(Excerpts from a dataset)
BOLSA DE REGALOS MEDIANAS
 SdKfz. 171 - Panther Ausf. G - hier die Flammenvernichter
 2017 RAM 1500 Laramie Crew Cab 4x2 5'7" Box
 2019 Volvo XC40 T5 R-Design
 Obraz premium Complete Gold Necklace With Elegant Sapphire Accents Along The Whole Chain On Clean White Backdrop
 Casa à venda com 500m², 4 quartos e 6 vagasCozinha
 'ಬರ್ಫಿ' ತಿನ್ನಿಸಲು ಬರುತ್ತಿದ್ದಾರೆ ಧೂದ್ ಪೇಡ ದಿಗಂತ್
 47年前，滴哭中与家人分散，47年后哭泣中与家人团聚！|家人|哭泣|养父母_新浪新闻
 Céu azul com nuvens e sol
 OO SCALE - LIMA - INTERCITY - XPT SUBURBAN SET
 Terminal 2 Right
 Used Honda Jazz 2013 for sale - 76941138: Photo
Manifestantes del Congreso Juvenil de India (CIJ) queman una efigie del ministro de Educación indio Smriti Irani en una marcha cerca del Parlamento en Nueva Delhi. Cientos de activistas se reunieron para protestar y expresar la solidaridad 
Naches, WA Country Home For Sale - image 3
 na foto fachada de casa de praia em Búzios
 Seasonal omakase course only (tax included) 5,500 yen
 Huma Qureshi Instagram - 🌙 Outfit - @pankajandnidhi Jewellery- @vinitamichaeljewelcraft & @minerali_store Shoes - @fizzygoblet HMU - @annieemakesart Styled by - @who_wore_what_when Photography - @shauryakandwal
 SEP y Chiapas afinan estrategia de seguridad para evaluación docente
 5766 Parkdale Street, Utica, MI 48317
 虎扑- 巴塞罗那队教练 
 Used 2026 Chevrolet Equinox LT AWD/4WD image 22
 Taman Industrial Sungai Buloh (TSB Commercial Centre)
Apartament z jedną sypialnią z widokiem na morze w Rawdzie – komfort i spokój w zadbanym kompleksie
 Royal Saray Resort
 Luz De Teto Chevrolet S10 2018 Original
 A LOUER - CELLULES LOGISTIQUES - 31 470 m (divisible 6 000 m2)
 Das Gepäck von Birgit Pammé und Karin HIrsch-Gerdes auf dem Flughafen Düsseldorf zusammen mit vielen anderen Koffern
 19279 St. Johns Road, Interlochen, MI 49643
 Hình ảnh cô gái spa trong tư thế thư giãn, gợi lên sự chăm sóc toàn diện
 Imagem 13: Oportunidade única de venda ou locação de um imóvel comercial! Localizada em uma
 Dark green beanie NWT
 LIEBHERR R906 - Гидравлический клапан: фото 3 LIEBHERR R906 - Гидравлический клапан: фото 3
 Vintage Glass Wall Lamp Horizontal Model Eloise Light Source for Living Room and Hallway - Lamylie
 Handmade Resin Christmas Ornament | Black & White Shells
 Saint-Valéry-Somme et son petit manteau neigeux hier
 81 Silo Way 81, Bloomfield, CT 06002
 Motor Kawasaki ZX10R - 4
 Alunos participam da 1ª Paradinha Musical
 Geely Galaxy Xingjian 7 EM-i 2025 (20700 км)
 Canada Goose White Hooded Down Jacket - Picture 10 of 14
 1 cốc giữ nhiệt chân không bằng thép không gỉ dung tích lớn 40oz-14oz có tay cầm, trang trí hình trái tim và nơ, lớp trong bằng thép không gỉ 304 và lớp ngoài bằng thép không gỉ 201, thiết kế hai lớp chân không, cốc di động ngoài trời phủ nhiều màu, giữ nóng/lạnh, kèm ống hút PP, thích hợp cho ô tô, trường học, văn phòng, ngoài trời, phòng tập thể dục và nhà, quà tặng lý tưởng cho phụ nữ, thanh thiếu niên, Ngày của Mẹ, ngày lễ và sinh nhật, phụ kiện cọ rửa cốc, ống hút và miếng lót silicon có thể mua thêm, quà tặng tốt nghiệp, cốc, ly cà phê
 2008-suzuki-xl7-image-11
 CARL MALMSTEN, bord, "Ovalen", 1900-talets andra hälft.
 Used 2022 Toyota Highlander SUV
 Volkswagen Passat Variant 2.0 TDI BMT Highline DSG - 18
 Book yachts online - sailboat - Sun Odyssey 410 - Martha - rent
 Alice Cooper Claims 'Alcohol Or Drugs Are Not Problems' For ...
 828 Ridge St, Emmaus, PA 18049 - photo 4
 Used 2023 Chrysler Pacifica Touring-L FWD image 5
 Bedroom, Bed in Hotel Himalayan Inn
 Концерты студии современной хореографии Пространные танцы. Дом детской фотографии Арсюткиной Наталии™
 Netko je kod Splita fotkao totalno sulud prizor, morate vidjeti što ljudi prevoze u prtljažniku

YOUR OBJECTIVE: All lines above that contain "Used" are required in the answer.

RESULT OF THE EXERCISE:
 Used Honda Jazz 2013 for sale - 76941138: Photo
 Used 2026 Chevrolet Equinox LT AWD/4WD image 22
 Used 2022 Toyota Highlander SUV
 Used 2023 Chrysler Pacifica Touring-L FWD image 5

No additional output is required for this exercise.